> [PROBLEM TO WORK ON]: Print all the data below exactly, without images.

> [DATA SUPPLIED]:
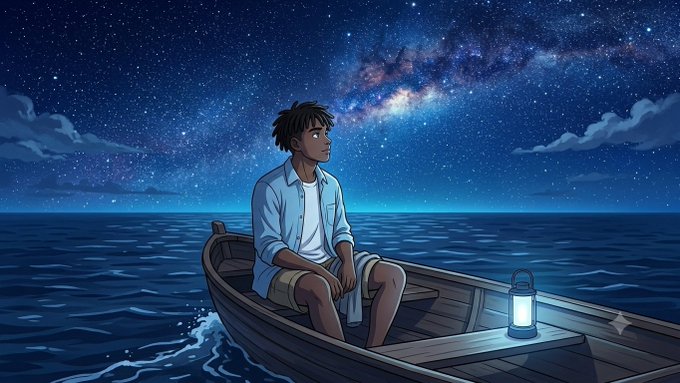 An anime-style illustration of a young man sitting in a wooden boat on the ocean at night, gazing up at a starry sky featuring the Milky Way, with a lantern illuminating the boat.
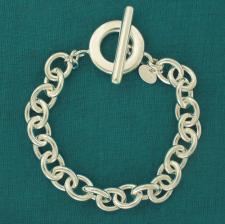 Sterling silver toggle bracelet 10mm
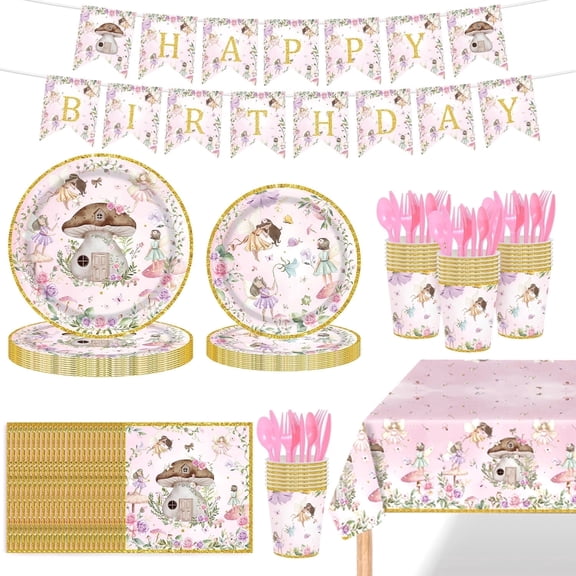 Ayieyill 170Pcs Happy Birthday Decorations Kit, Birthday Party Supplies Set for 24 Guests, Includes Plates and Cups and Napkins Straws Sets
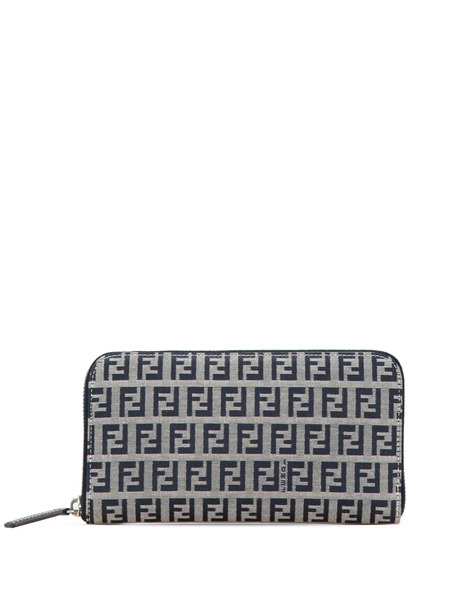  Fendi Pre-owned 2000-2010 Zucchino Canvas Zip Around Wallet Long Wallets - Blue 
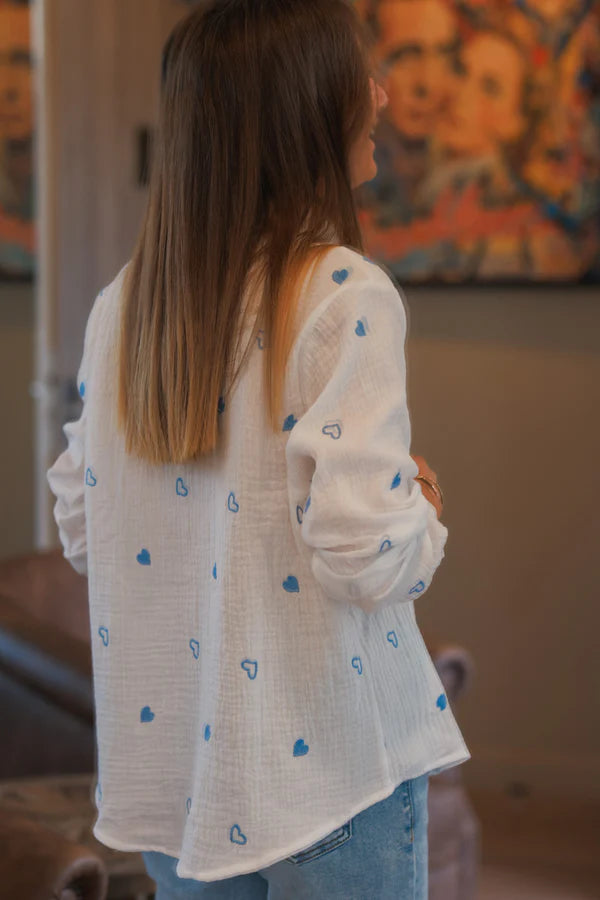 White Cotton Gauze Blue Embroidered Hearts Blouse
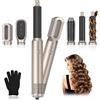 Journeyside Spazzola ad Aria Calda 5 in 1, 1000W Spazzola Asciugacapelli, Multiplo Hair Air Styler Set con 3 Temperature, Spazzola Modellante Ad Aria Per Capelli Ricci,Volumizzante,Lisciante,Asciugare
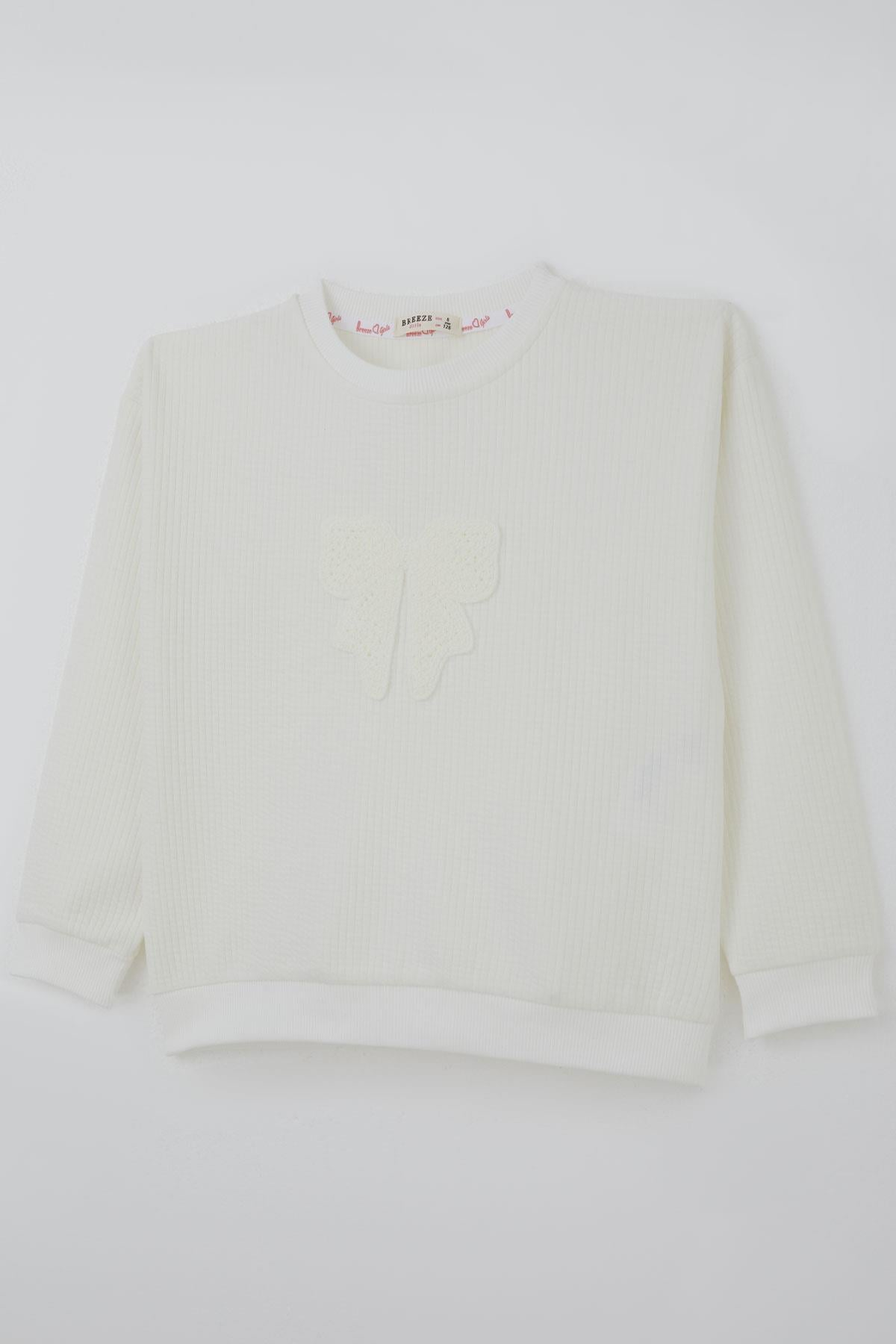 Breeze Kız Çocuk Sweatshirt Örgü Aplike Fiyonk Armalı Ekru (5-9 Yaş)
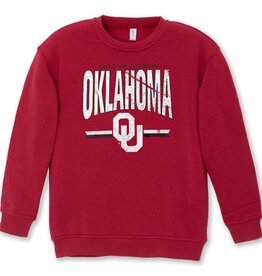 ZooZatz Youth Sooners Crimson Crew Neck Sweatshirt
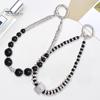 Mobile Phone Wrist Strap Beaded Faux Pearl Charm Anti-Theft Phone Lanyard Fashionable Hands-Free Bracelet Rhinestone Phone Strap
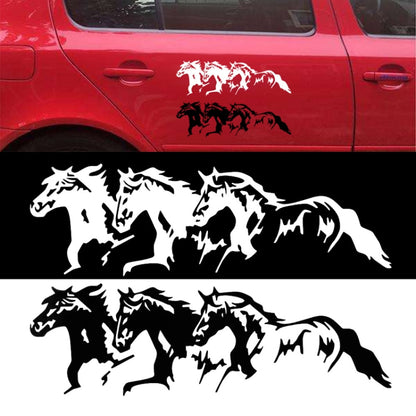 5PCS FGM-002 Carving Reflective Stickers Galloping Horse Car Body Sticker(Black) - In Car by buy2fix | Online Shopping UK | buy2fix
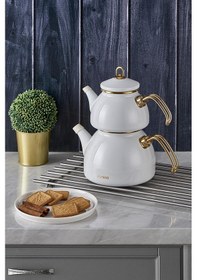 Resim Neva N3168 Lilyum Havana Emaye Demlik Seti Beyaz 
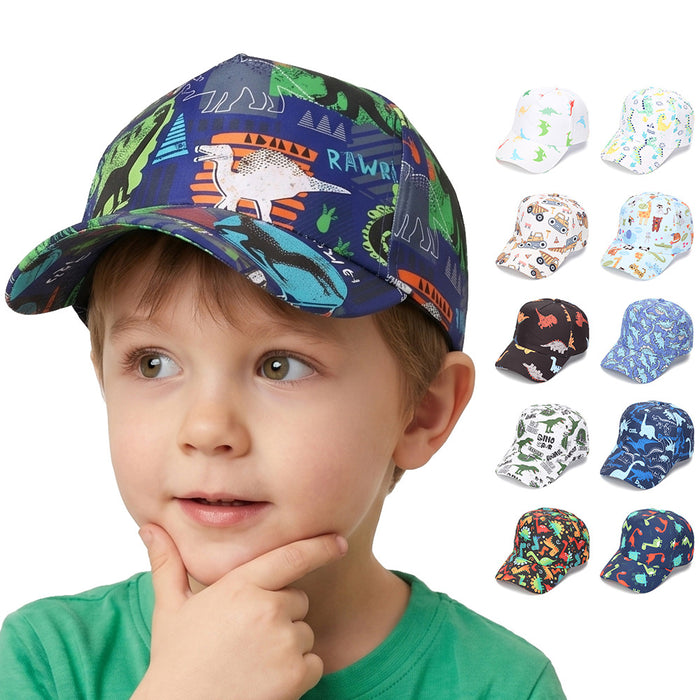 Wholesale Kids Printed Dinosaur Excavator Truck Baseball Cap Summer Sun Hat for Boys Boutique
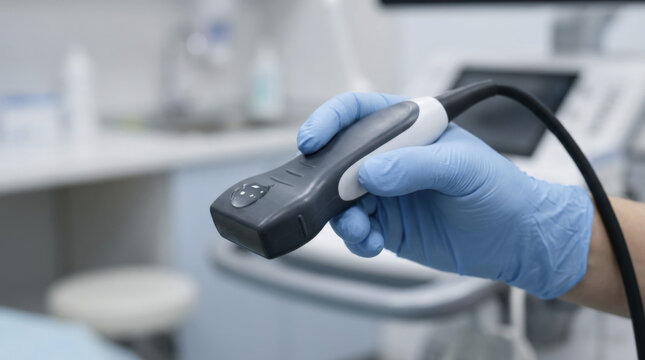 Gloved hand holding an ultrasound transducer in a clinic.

> [EXERCISE RESPONSE]:
 An anime-style illustration of a young man sitting in a wooden boat on the ocean at night, gazing up at a starry sky featuring the Milky Way, with a lantern illuminating the boat.
 Sterling silver toggle bracelet 10mm
 Ayieyill 170Pcs Happy Birthday Decorations Kit, Birthday Party Supplies Set for 24 Guests, Includes Plates and Cups and Napkins Straws Sets
  Fendi Pre-owned 2000-2010 Zucchino Canvas Zip Around Wallet Long Wallets - Blue 
 White Cotton Gauze Blue Embroidered Hearts Blouse
 Journeyside Spazzola ad Aria Calda 5 in 1, 1000W Spazzola Asciugacapelli, Multiplo Hair Air Styler Set con 3 Temperature, Spazzola Modellante Ad Aria Per Capelli Ricci,Volumizzante,Lisciante,Asciugare
 Breeze Kız Çocuk Sweatshirt Örgü Aplike Fiyonk Armalı Ekru (5-9 Yaş)
 ZooZatz Youth Sooners Crimson Crew Neck Sweatshirt
 Mobile Phone Wrist Strap Beaded Faux Pearl Charm Anti-Theft Phone Lanyard Fashionable Hands-Free Bracelet Rhinestone Phone Strap
 5PCS FGM-002 Carving Reflective Stickers Galloping Horse Car Body Sticker(Black) - In Car by buy2fix | Online Shopping UK | buy2fix
 Resim Neva N3168 Lilyum Havana Emaye Demlik Seti Beyaz 
 Wholesale Kids Printed Dinosaur Excavator Truck Baseball Cap Summer Sun Hat for Boys Boutique
 Gloved hand holding an ultrasound transducer in a clinic.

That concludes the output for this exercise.